Edit: despite the above, I don't completely disagree with your statement.
If they would need to search for the duplicated code and change it in more than one place, there's something shared to factor out. If the two pieces of code are actually only accidentally the same, changing them independently should be the right thing.
That is definitely good advice. I've seen some developers get overly obsessed with deduplicating code, and sometimes it really does just overcomplicate things. For example, it is easy to end up making things more brittle by moving a somewhat generic method with very specific pre-conditions and post-conditions into a generic utility library. It is even worse if those pre and post conditions were documented in the original location, but not necessarily copied over to the new shared module.
This whole potential problem is one of the reasons the particular example isn't that great. It's overhyped in Java-land where some people treat naked strings like lepers but in places like Clojure-land you'd get a lot of people saying "Just use a keyword" for both places. The keyword's name is its value. It's immutable. An IDE should be able to find all uses of it, or there's always 'ag'. If you really want that coupling behavior, change the interface of the thing you're calling to require conformance to a schema. The simplest way in Java is probably just by taking an enum instead of a string, but there are richer ways (especially outside of Java) worth looking into if you're needing a string value eventually in the implementation since you'll run into the other Java-ism of making a complicated enum class instead of just using enums like keywords with their string value being their actual name value.
It seems like "inexperienced" should fall under the umbrella of "bigger problems". It also (hopefully) falls under the umbrella of "temporary problems".
It's worse than that. We have met the Enemy and the Enemy is us.
Java, as introduced, claimed that nearly everything was an Object. What we got instead was nearly everything is a String.
The Real WTF in this code is that all of the important information is passed around as Strings. The iterator and its source hint at this but she fixes the wrong problem. Ever has this been the way with Java. Despite having a statically typed language nobody turns the data into information and instead your modules just vomit strings at each other. Sometimes in groups of four or more.
One reason for this is the tight coupling in developers' minds between what I'd call "types" and "representations" (these terms are very overloaded, so others may use them in different ways).
Just because, say, a function name and a string are represented in memory the same way, that doesn't mean they are the same type; in particular there are many strings which aren't function names, and there are many operations (e.g. append) which make sense for strings but not for function names.

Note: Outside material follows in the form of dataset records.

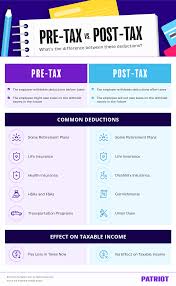 pre tax vs post tax deductions what
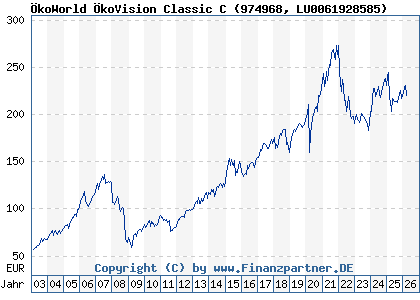 Chart: &Ouml;koWorld &Ouml;koVision Classic C (974968 LU0061928585)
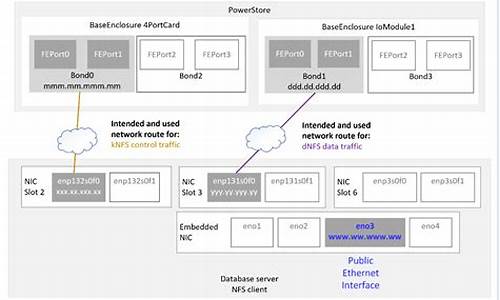 100dnf发布网：最新dnfsf(最新dnf手游搬砖收益最高的图) (2)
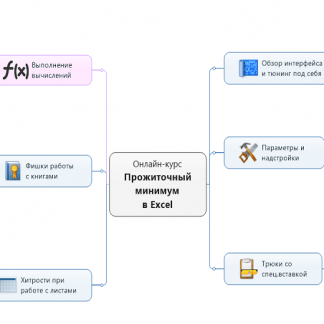 [Планета Excel] Николай Павлов - Прожиточный минимум в Microsoft Excel (2020)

I can think of two things to blame for this:
- Languages which make it complicated, verbose and/or inefficient to introduce new, incompatible names for existing representations (i.e. nominal typing). For example, having to declare a new class in a new file with a private field, a constructor method and a getter method; that's a lot of boilerplate, and those method calls will incur a runtime cost. Haskell's `newtype` is pretty good in comparison, e.g. saying `newtype FunctionName = FN String` lets me use `FunctionName` in type signatures, I'll get a type error if I try to use a `String` as a `FunctionName` or vice versa, and I can construct and destruct a `FunctionName` using `FN` (e.g. `let x = FN "foo"`)
- Developers only coding for the happy path. When writing a test suite, it's important to test that bad outcomes are prevented, as well as just testing known-safe inputs. The same should apply to types: types should be used such that meaningless expressions are ill-typed, as well as just allowing known-good expressions to be well-typed.

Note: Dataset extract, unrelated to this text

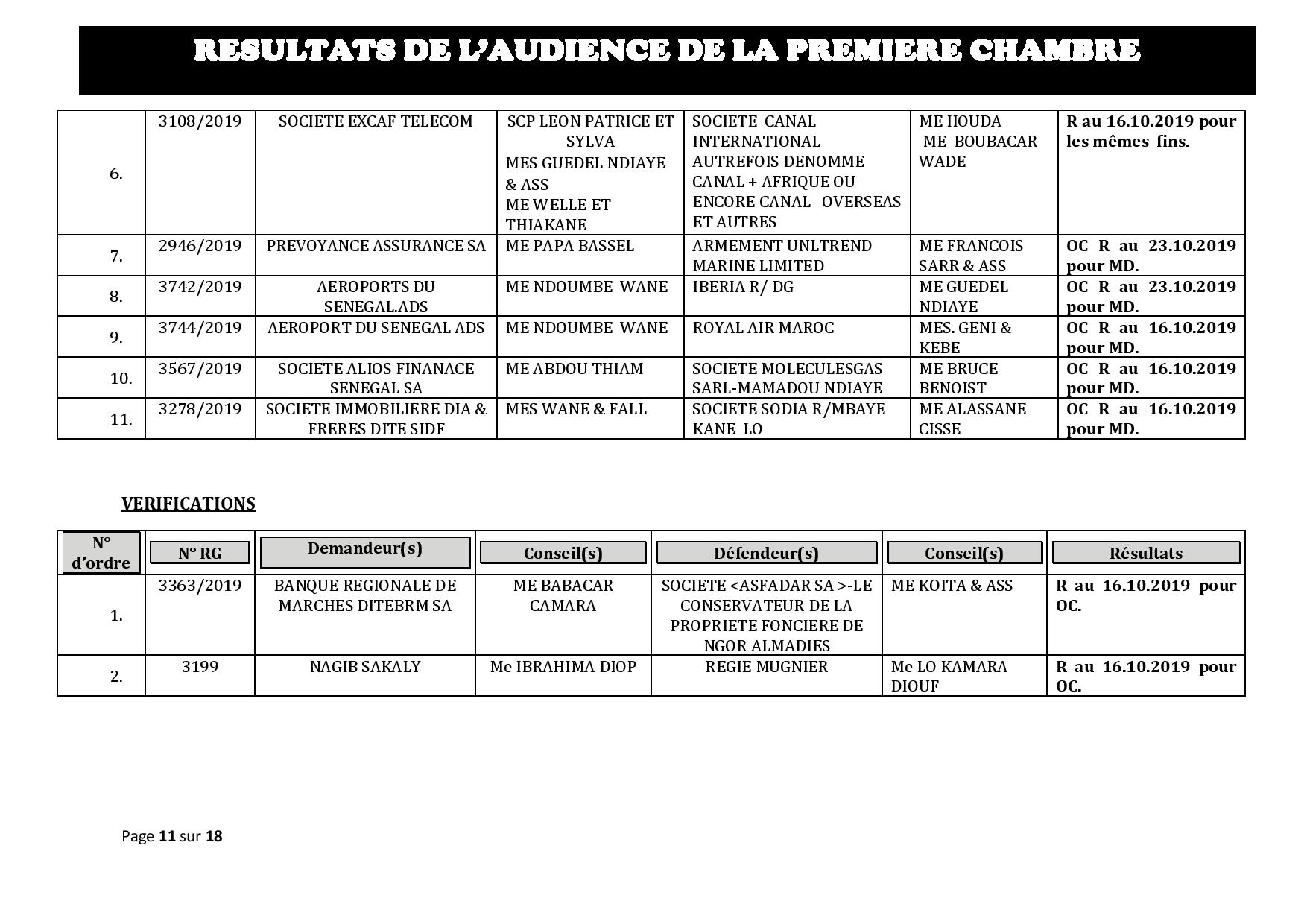 Tribunal du Commerce: Délibérés des Audiences du mercredi 9 octobre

Unfortunately these sorts of considerations tend to get derailed by similar-but-unrelated issues, e.g. 'YAGN a `FunctionName` interface because there's only one implementation'.
The end result of all this is Web applications concatenating together a bunch of "strings" which are actually HTML, plaintext, SQL, user input and URL parameters :(
You can go further with the type/representation dichotomy.

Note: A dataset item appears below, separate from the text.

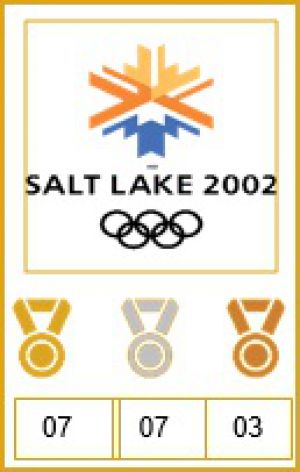 Viking Medal count: OS Salt Lake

An obvious example is printing: All of a sudden, you need to convert an object of that type to a representation that can be read. Read by what? Humans? Other code? Both to some extent? The representation is dependent upon both the original type and the intended recipient.
(In Lisp, "readable" means "acceptable to the read function, which parses Lisp expressions"; some objects, such as compiled functions, inherently cannot become "readable" in this sense, so they get printed in an unreadable form. Should that be a type error?)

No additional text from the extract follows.